Once you find the line with "Kedi. Beyaz arka plan üzerinde Tay yavru kedi" in the listing below, set down exactly every line from it through the line with "Sluiten van een", but no pictures.

(Source data)
_ _ _ _ _
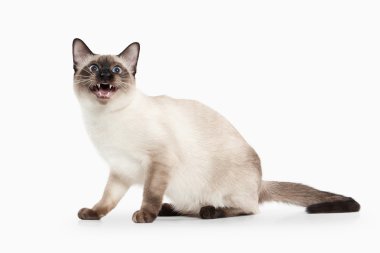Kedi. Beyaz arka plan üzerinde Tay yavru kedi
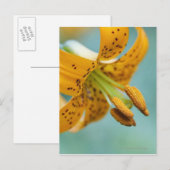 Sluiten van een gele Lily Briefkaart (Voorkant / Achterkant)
_ _ _ _ _
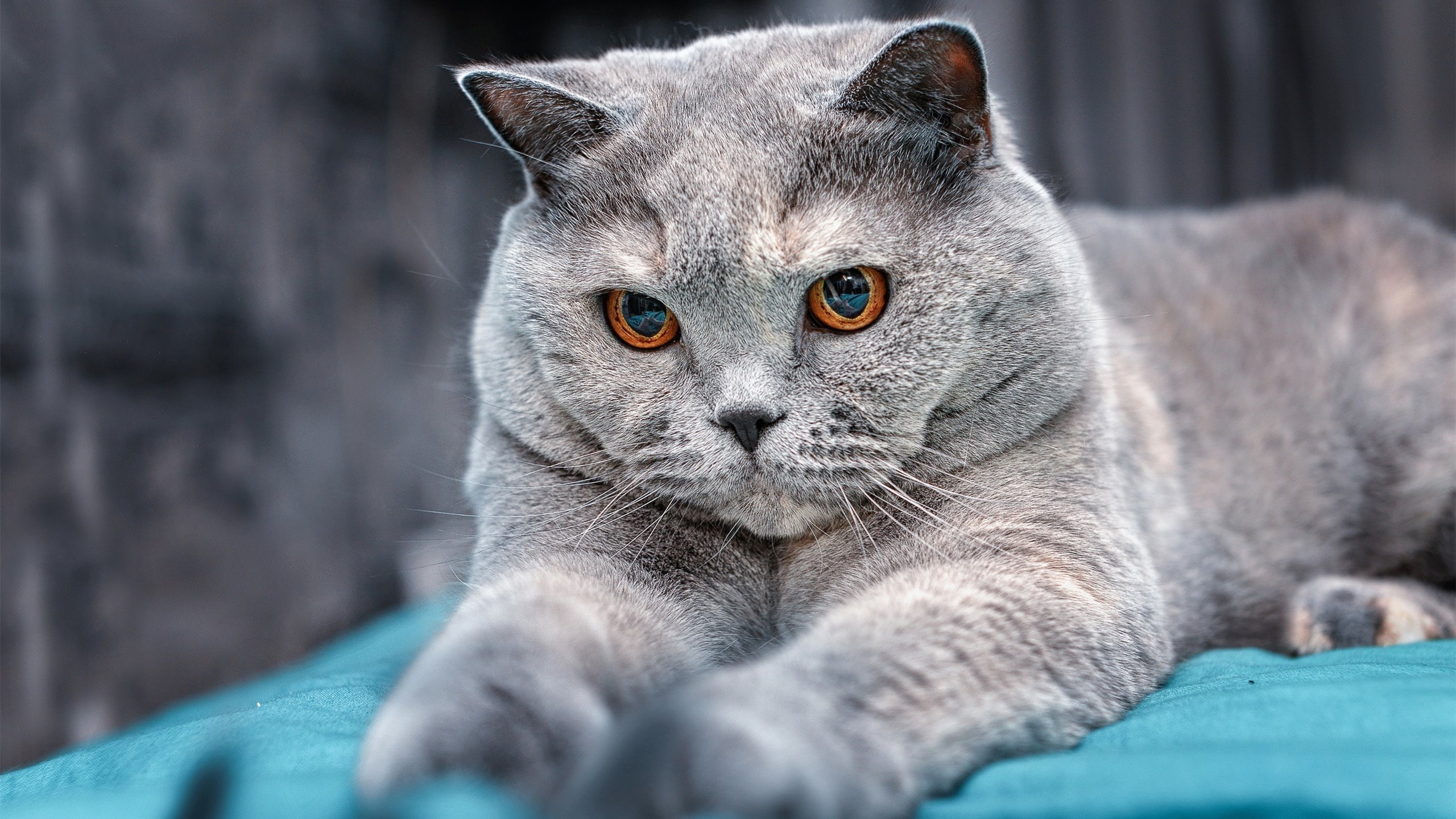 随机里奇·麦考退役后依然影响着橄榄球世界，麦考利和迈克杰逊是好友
_ _ _ _ _
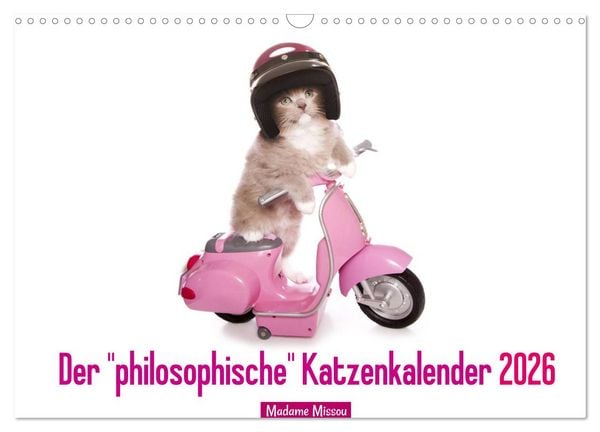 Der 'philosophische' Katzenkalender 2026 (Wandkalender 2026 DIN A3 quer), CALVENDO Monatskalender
_ _ _ _ _
(Output of the task)
Kedi. Beyaz arka plan üzerinde Tay yavru kedi
 Sluiten van een gele Lily Briefkaart (Voorkant / Achterkant)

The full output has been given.